Someone sexually assaults a teenage girl. They steal her agency, disrespect her bodily autonomy, and disregard her ‘no.’ She asks for help. The adult she tells ignores it, diminishing her suffering, thus punishing her courage to disclose the assault. The teenage girl is left to address her pain in whatever way she can grasp.
You know this girl. I know this girl because, sadly, I am her. But, we all know this girl whether we realize it or not since teenagers account for 51% of all reported sexual abuse.
Starting March 23rd via Youtube Originals, Demi Lovato released a four-part documentary series on her struggle with drug addiction that led to a near-fatal overdose in 2018. In the second episode of the series, viewers learn Demi Lovato’s overdose took place when none of the people closest to her even knew she had relapsed. She called her dealer that night in secret. The dealer supplied her with “aftermarket pills,” which she did not realize were laced with Fentanyl. That dealer then raped her when she was not in a lucid state to give consent. And as Demi put it, he “left her for dead.”
We all love a redemption story. In the following episodes, we want to hear how Demi removed that evil person from her life, got clean, stayed clean, found peace and spiritual healing. But, recovery, especially in the face of sexual trauma, is rarely linear. In the third episode of Dancing with the Devil, Demi Lovato reveals that after leaving a week-long trauma retreat, she called the rapist drug dealer back, took drugs from him again, and had sex with him.

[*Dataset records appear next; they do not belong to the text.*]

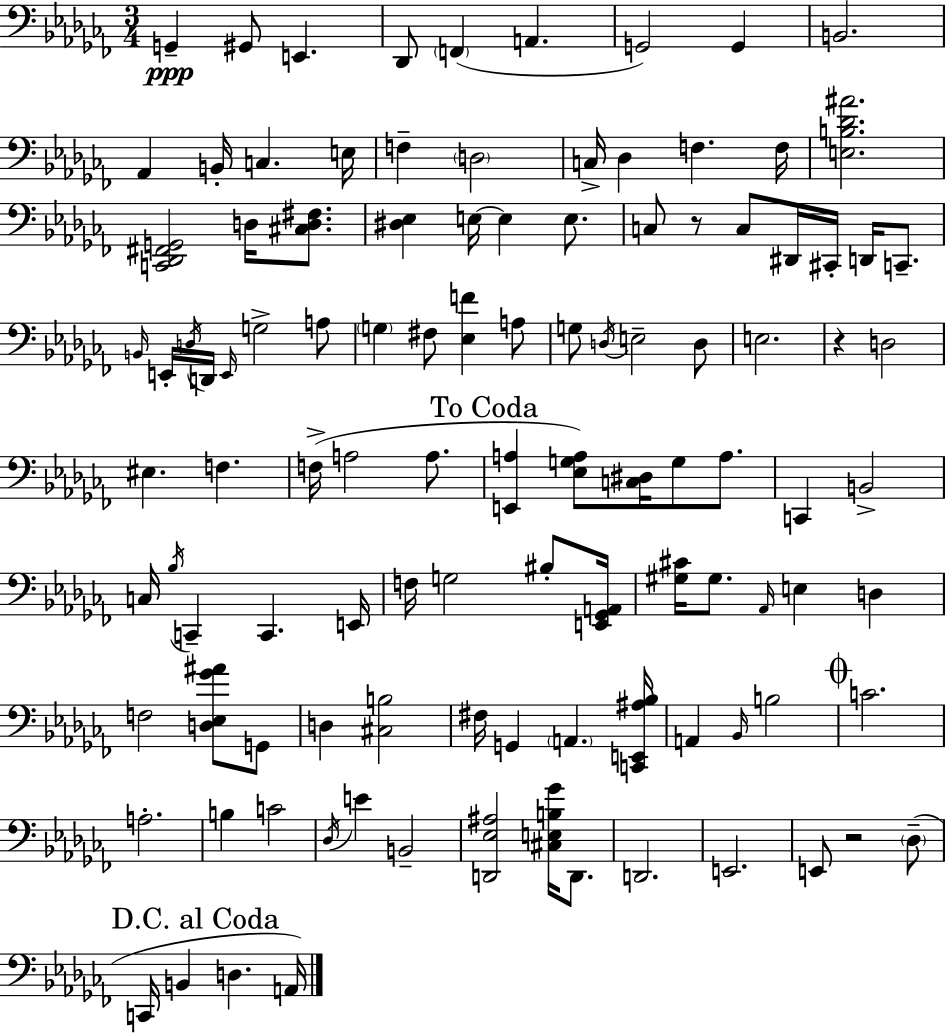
{
  \clef bass
  \numericTimeSignature
  \time 3/4
  \key aes \minor
  g,4--\ppp gis,8 e,4. | des,8 \parenthesize f,4( a,4. | g,2) g,4 | b,2. | \break aes,4 b,16-. c4. e16 | f4-- \parenthesize d2 | c16-> des4 f4. f16 | <e b des' ais'>2. | \break <c, des, fis, g,>2 d16 <cis d fis>8. | <dis ees>4 e16~~ e4 e8. | c8 r8 c8 dis,16 cis,16-. d,16 c,8.-- | \grace { b,16 } e,16-. \acciaccatura { d16 } d,16 \grace { e,16 } g2-> | \break a8 \parenthesize g4 fis8 <ees f'>4 | a8 g8 \acciaccatura { d16 } e2-- | d8 e2. | r4 d2 | \break eis4. f4. | f16->( a2 | a8. \mark "To Coda" <e, a>4 <ees g a>8) <c dis>16 g8 | a8. c,4 b,2-> | \break c16 \acciaccatura { bes16 } c,4-- c,4. | e,16 f16 g2 | bis8-. <e, ges, a,>16 <gis cis'>16 gis8. \grace { aes,16 } e4 | d4 f2 | \break <d ees ges' ais'>8 g,8 d4 <cis b>2 | fis16 g,4 \parenthesize a,4. | <c, e, ais bes>16 a,4 \grace { bes,16 } b2 | \mark \markup { \musicglyph "scripts.coda" } c'2. | \break a2.-. | b4 c'2 | \acciaccatura { des16 } e'4 | b,2-- <d, ees ais>2 | \break <cis e b ges'>16 d,8. d,2. | e,2. | e,8 r2 | \parenthesize des8--( \mark "D.C. al Coda" c,16 b,4 | \break d4. a,16) \bar "|."
}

There are plenty of ways viewers might cast judgment on Demi for having sex with someone who raped and almost killed her, but none of them are right. Some victims interact with an abuser post-assault. There is nothing disgraceful about it. Sadly, it’s a possible rape trauma syndrome response.
During Harvey Weinstein’s trial, his defense attorneys tried to argue that the victims’ continued contact with Weinstein somehow discounted the rapes. But the prosecution brought in a forensic psychiatrist, Barbara Ziv, who testified that sexual assault victims actually “almost always” return to their assailants. In Demi’s case, she re-engages sexually with the man who raped her as a way to reclaim her agency and feel “in control of the situation.” She reflects later that having sex with him only left her in more emotional distress. A July 2020 article on Psychology Today expands upon reasons why victims might attempt to “reframe” a sexual assault as a means of coping. And experts who worked with ABC News also confirm that some sexual assault victims begin or continue a relationship with an assailant to address the lack of control they felt during the assault. According to that expert, there is no data on how often this phenomenon occurs. But we know that it happens.
In Demi Lovato’s documentary, she also shares that she was the teenage girl we all know. During her time with Disney, another worker raped her, and she had to see the abuser regularly. Back then, she also went on to have consensual sex with the rapist after the rape.
Sometimes, when we’re in pain, we seek more hurt to mask that pain before accepting that there are other or better interventions.
I’ve never struggled with substance dependency or the addictive nature of drug abuse. Yet in the past, I’ve still been vulnerable enough to return to an abuser post-assault. Another article I wrote explores some of the reasons why revictimization can occur. Interestingly, Demi Lovato and I share an aspect of our trauma history that might explain why people like us interact with our abusers. When I was a teenager, I was also sexually assaulted by someone I knew. Adults in my life subsequently forced me to interact with him regularly. That changes you. It helps you diminish what happened, teaches you to accept abusers despite their actions, and disrespects your inner being. You are being taught during your formative years that you, your experiences, and your right to your own body do not matter. And that isolated and hurting little teenage girl follows us into adulthood when we, in turn, become her ignorers. Perhaps our rationale is similar to the tree falling in a forest conundrum. If no one is around to hear the impact as the tree hits the ground, did it make a sound? If we do not admit to even ourselves that an assault happened and if we move forward as though it didn’t, do we carry the wound of violation or the burden of victimhood?
Though Demi did not state it this way, I would argue her reaction to the rape that occurred in her adulthood is somewhat a product of her mistreatment as a teenager. That’s not to say survivors have no agency in future decision-making when someone from the past has wronged them. But, there are layers of abuse and retraumatization, which means there will most likely be layers to and hiccups along with Demi’s healing.
Regarding Demi’s relapse, her case manager, Charles Cook, offers a powerful perspective I think relates to the rape response as well. When we watch someone take what seems like nonsensical actions in the wake of trauma, we say, “How could you do this? How could you put yourself in this position again?” But, as Charles Cook says, the reaction ought to be “Oh my gosh. You must have been in so much pain to put yourself in that position again.”